Hi @lantudou CornerNet is very memory consuming, you can consider resize or modify batch, and then observe whether there is the same problem.

lantudou commented 3 years ago

Hi @lantudou CornerNet is very memory consuming, you can consider resize or modify batch, and then observe whether there is the same problem.

Yeah..but i just want to know whether the evaluation process need extra cuda memory during the training. In other word, is it a normal situation or a code bug?

hhaAndroid commented 3 years ago

Hi @lantudou CornerNet is very memory consuming, you can consider resize or modify batch, and then observe whether there is the same problem.

Yeah..but i just want to know whether the evaluation process need extra cuda memory during the training. In other word, is it a normal situation or a code bug?

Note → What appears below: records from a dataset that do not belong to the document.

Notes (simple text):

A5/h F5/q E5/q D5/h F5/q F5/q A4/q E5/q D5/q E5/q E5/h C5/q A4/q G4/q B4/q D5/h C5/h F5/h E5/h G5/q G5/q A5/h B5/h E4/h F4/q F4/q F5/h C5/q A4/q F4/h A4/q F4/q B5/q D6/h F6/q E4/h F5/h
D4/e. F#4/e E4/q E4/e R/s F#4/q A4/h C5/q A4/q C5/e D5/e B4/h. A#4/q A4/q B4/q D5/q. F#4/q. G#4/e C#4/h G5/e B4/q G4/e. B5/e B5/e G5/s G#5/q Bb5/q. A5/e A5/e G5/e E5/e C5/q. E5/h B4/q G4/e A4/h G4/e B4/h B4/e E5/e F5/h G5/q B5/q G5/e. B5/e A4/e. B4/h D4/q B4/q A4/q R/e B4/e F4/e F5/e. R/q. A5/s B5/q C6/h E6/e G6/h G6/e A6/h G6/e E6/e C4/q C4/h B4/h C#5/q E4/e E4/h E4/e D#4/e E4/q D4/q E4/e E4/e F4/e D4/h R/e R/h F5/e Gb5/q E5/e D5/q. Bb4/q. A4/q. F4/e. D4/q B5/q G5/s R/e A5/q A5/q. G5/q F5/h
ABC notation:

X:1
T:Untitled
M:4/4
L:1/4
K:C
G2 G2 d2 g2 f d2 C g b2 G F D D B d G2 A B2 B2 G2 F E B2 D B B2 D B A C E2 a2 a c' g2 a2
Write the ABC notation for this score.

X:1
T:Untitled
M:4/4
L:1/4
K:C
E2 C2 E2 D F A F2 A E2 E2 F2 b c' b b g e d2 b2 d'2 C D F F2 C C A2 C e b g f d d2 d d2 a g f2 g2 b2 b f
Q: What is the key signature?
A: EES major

This is not easy to judge, but we have no problem training and verifying on v100.

ousinkou commented 3 years ago

@hhaAndroid v100 have large memory, of course no problem. Evaluation should be like detectron2, when there is not much memory left, the evaluation process should be transferred to cpu.